> DATA LISTING:
====================

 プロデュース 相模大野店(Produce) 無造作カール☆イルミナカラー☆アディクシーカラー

====================

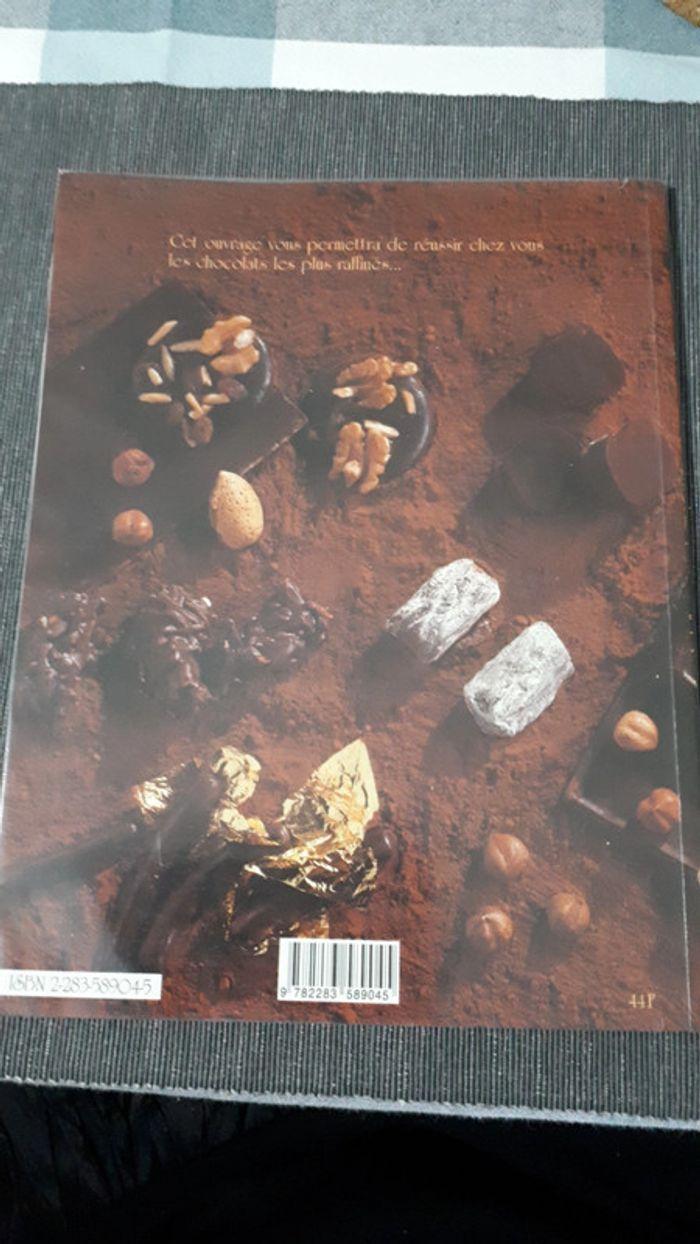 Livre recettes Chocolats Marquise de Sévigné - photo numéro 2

====================

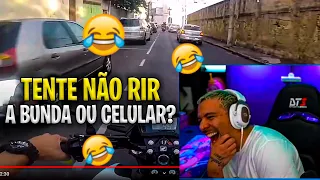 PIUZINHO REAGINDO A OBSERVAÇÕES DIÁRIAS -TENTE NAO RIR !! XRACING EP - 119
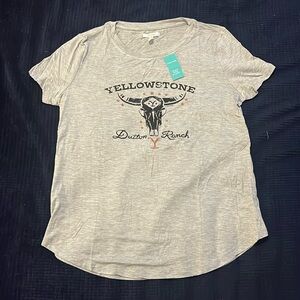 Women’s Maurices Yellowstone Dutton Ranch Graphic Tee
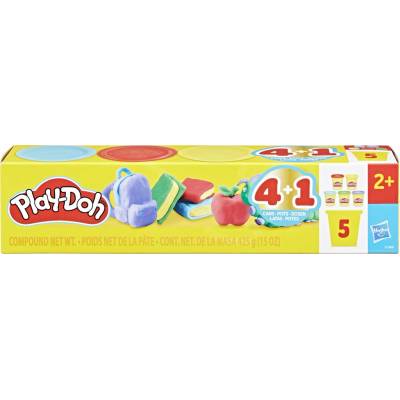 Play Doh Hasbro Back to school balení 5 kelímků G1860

====================

> WHAT YOU ARE ASKED TO DO: After locating "PIUZINHO REAGINDO A" and "Play Doh Hasbro" in the records above, return exactly the line holding each one and every line between them; leave out the pictures.

> RESULT BELOW:
 PIUZINHO REAGINDO A OBSERVAÇÕES DIÁRIAS -TENTE NAO RIR !! XRACING EP - 119
 Women’s Maurices Yellowstone Dutton Ranch Graphic Tee
 Play Doh Hasbro Back to school balení 5 kelímků G1860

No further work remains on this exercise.